§ Description of the task: What is needed is a word-for-word copy of the lines below from the one with "dễ tháo Băng" through the one with "new orleans saints", both included, with every picture left out.

┌─ Material provided

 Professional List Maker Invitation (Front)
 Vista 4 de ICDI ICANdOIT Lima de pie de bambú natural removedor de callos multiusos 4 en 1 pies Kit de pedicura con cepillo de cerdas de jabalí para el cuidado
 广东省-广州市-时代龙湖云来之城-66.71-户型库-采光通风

└─
┌─ Material provided

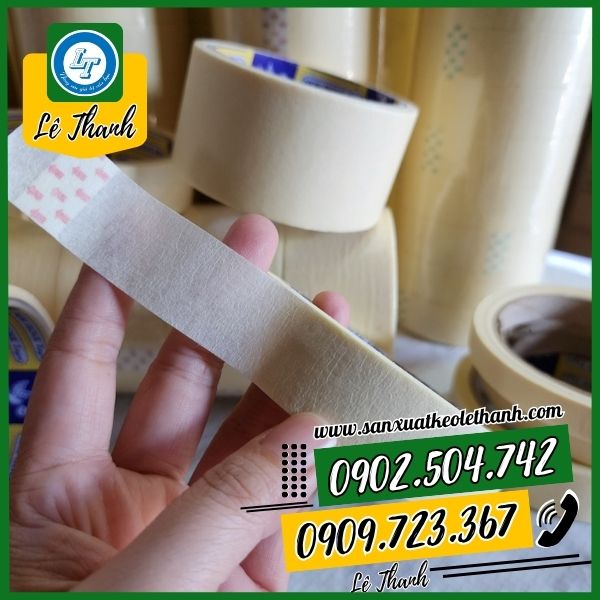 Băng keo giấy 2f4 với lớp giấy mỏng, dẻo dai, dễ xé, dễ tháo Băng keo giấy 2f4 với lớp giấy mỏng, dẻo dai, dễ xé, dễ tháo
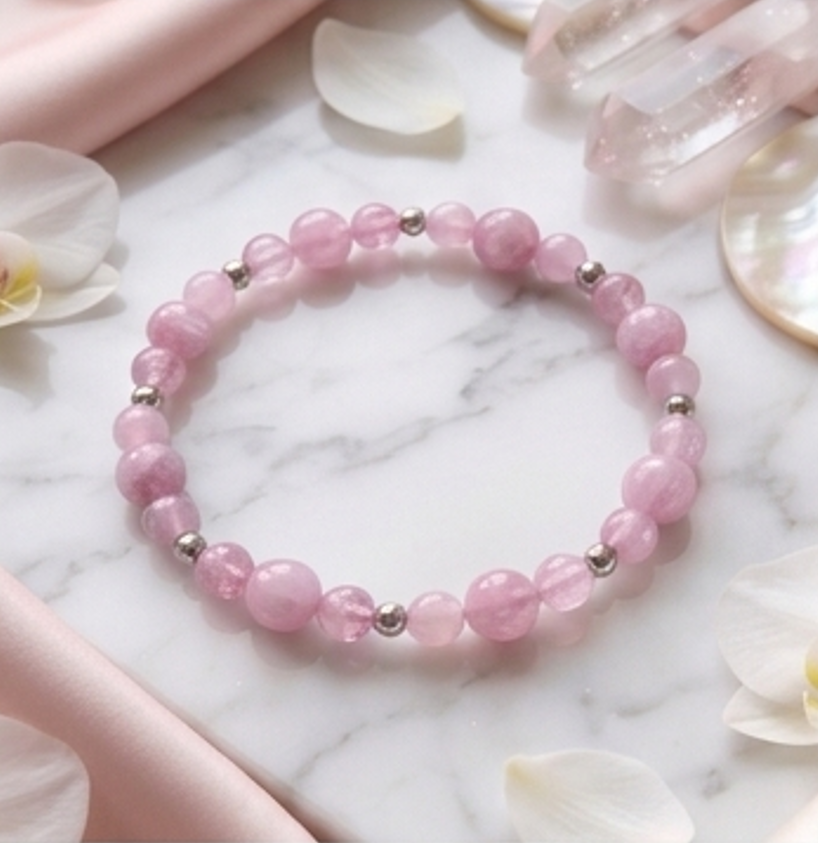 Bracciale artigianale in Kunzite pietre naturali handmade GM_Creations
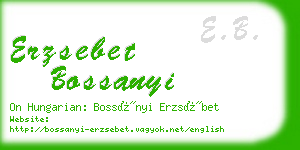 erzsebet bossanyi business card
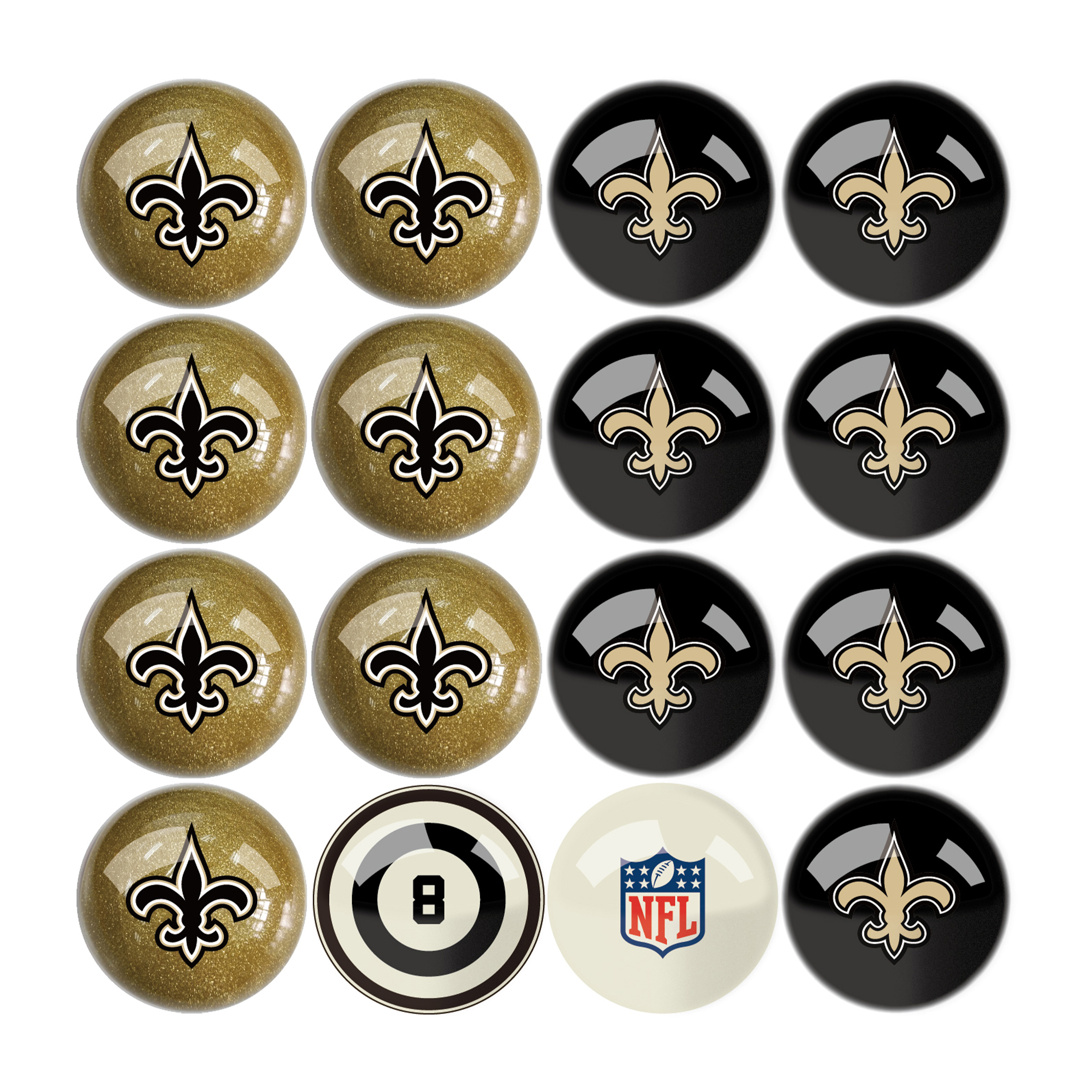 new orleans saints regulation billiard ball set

└─
┌─ Material provided

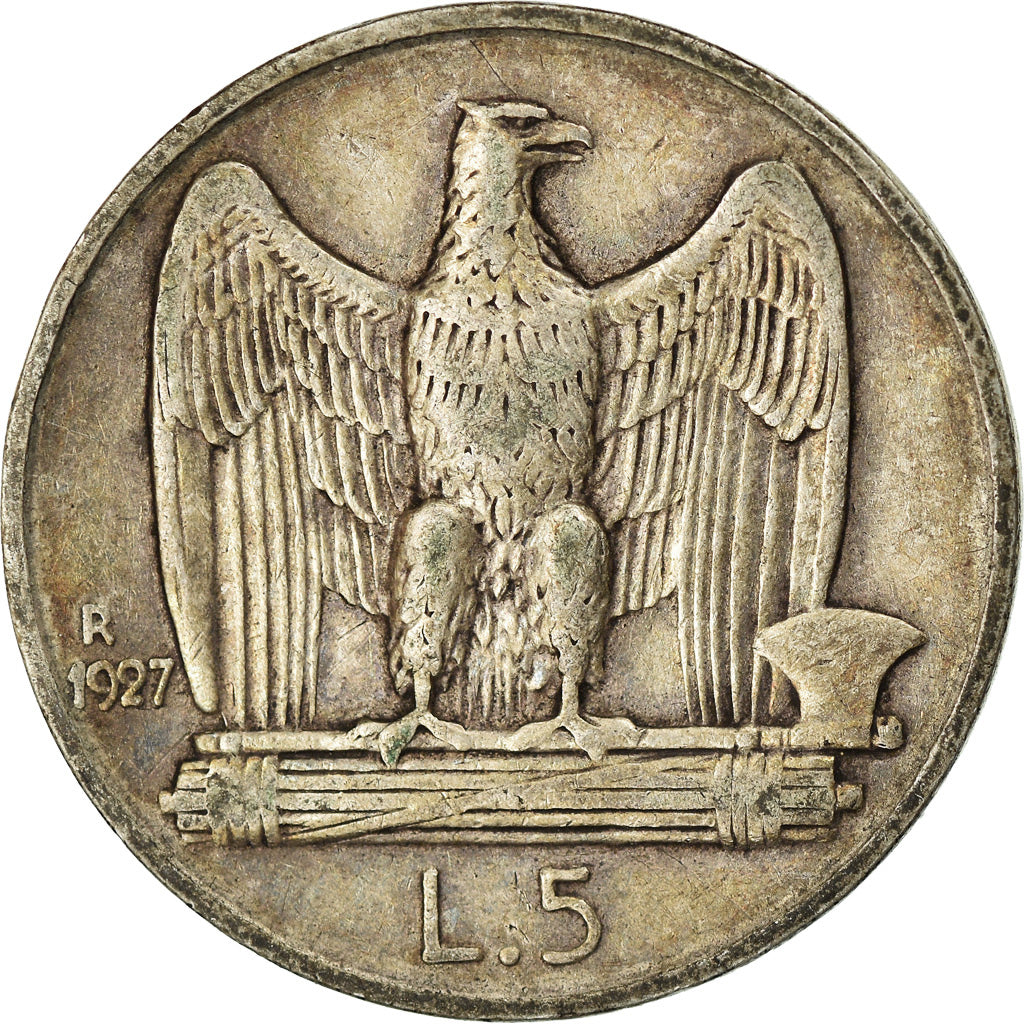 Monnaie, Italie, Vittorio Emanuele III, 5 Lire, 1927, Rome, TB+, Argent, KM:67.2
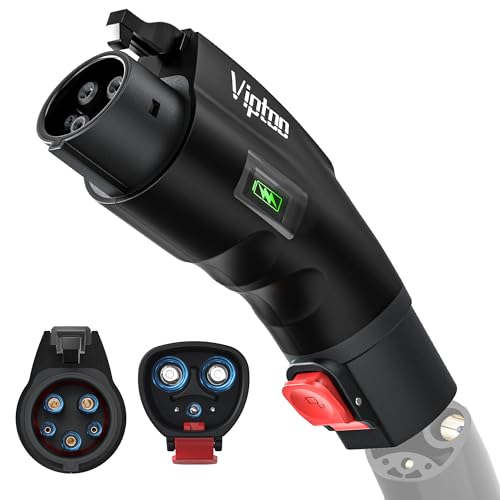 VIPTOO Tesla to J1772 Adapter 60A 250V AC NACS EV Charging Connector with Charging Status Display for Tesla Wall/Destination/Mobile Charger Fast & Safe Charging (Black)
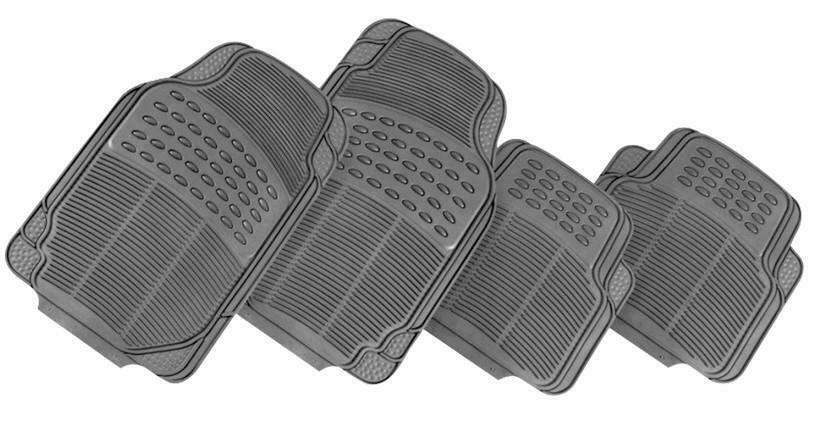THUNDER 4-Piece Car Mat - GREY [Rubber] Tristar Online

└─

§ Solved problem:
 Băng keo giấy 2f4 với lớp giấy mỏng, dẻo dai, dễ xé, dễ tháo Băng keo giấy 2f4 với lớp giấy mỏng, dẻo dai, dễ xé, dễ tháo
 Bracciale artigianale in Kunzite pietre naturali handmade GM_Creations
 erzsebet bossanyi business card
 new orleans saints regulation billiard ball set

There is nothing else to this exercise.